Despite these many obstacles, people who receive letters from the Social Security Administration saying their SSI or SSDI is going to be cut off should reapply. Case managers and advocates and people living with the virus need to keep on top of the changing law. Don't give up.
Group issues AIDS virus test guidelines
In a sign of how rapidly tests that measure the amount of HIV in the blood are being incorporated into clinical practice, a research group Wednesday issued guidelines detailing how doctors can best use them. In publishing their recommendations in the journal Nature Medicine, the AIDS researchers said patients may live longer if their doctors know how much HIV is in their blood. A top AIDS researcher at the National Institutes of Health, however, says some of the recommendations were premature.
Hemophiliacs, drug companies move closer to settlement
Hemophiliacs who refused to settle claims that drug companies sold them AIDS-tainted blood-clotting products may give the deal a second look now that tight restrictions have been removed.
The four companies making the $100,000-per-person offer have lifted a demand that nearly all victims accept it or risk having it withdrawn.
The companies have proposed that the offer be sent to a federal judge in Chicago who is overseeing the lawsuits. If the judge grants approval, it will be sent out to the thousands of affected victims and their families to see if they will accept it.
"Our mutual goal in this endeavor is to provide significant, rapid support to affected members of the hemophilia community," attorney Sara Gourley said in a letter on behalf of Bayer AG of Germany, Baxter International Inc., Rhone-Poulenc Rorer Inc. and Alpha Therapeutics Inc.
"We believe this approach would permit us to determine without further delay whether this objective can realistically be achieved."
Corey Dubin, who helped broker the offer on behalf of the AIDS-infected hemophiliacs, called the companies' move a partial victory.
He said it could free some victims to continue pressing their individual lawsuits against the companies while giving a quick payment to others who are in dire financial shape or near death.
"If you want this, go for it. It's what we've been waiting for," he urged, while at the same time expressing the view that the amount was grossly insufficient for the pain caused by the contamination.

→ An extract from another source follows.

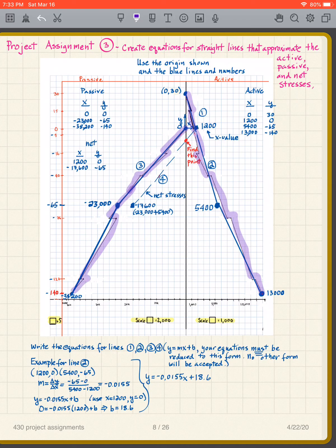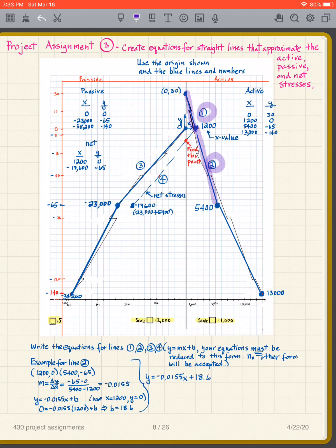What we want to do is simplify — it's not necessary for us to work with all the little jigs and jags. We're going to represent that black line with other lines that are close enough for the calculations you're going to do. We're going to have line one, line two, line three, and then line four, which is the net stresses.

Dubin, an ex-reporter from Goleta, Calif., is among those infected with AIDS. He said the offer is still well below the $240,000 per person that the same companies are giving victims in Japan.

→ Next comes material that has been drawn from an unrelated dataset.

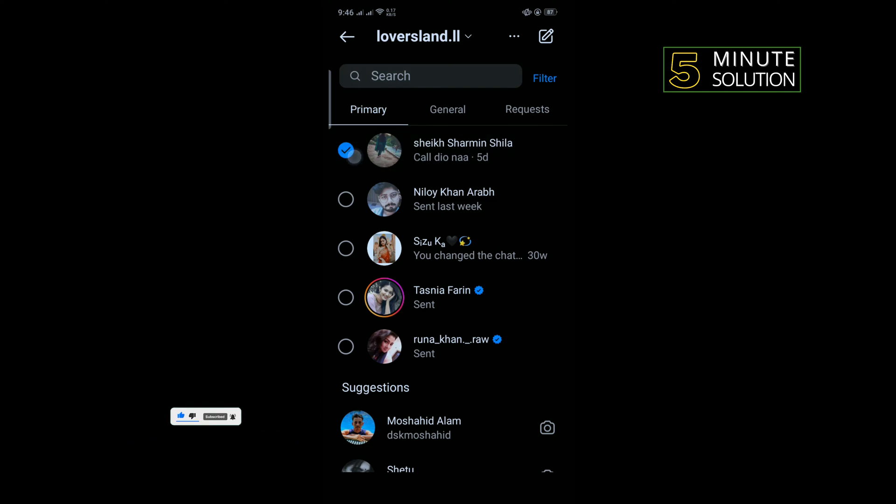And now I can easily select all of my chats. To delete all your chats at one click, simply tap on this delete and your chats will be deleted. So that's how you can do it.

"They're still saying a devastated Japanese life is worth more than a devastated American life. That's the down side," Dubin said.

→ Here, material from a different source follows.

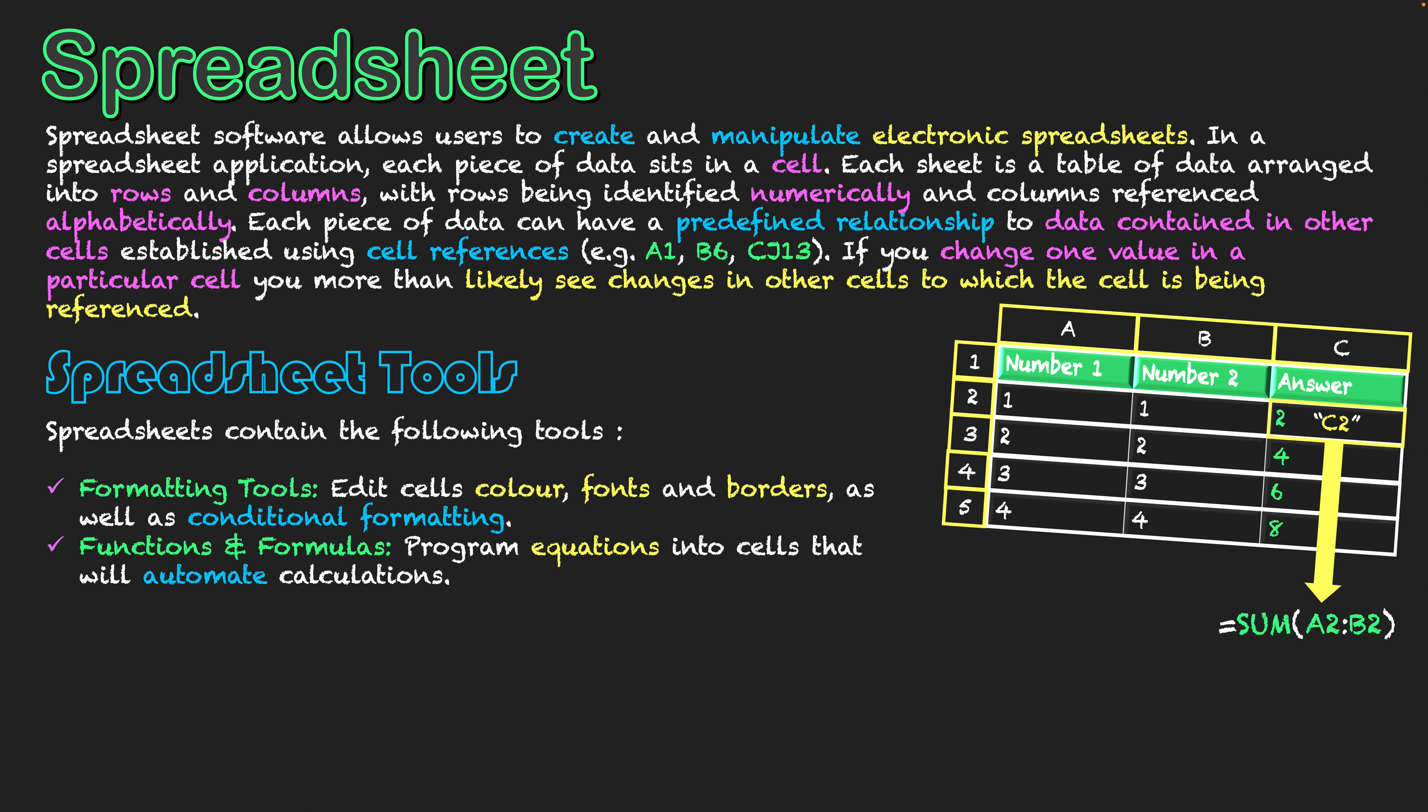You can see all of column C would be formulas. It's doing the tallies of all the numbers in column A and column B automatically for me, saving me a lot of time and doing all those calculations. Calculations can be obviously a lot more complex than just simple additions, but that's a real power of spreadsheet software.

The offer proposed by the companies is being extended to any hemophiliac who was infected with the AIDS virus by blood-clotting products in the early 1980s, before the companies began treating the products to kill the virus that causes AIDS.
Hemophiliac groups say the companies purposely failed to protect them from the disease by refusing to treat the products with heat that would kill the virus. They also accuse the companies of making the clotting products from blood taken from people at high risk for disease such as prison inmates and drug abusers.
The companies admit no guilt. They offered $600 million plus $40 million for expenses and legal fees -- estimating that some 6,000 people were eligible for the deal.
Hemophiliac advocates say there are far more victims, meaning that the actual per person payout would be less than $100,000.
In the decade since the contamination became known, some 4,500 hemophiliacs have died.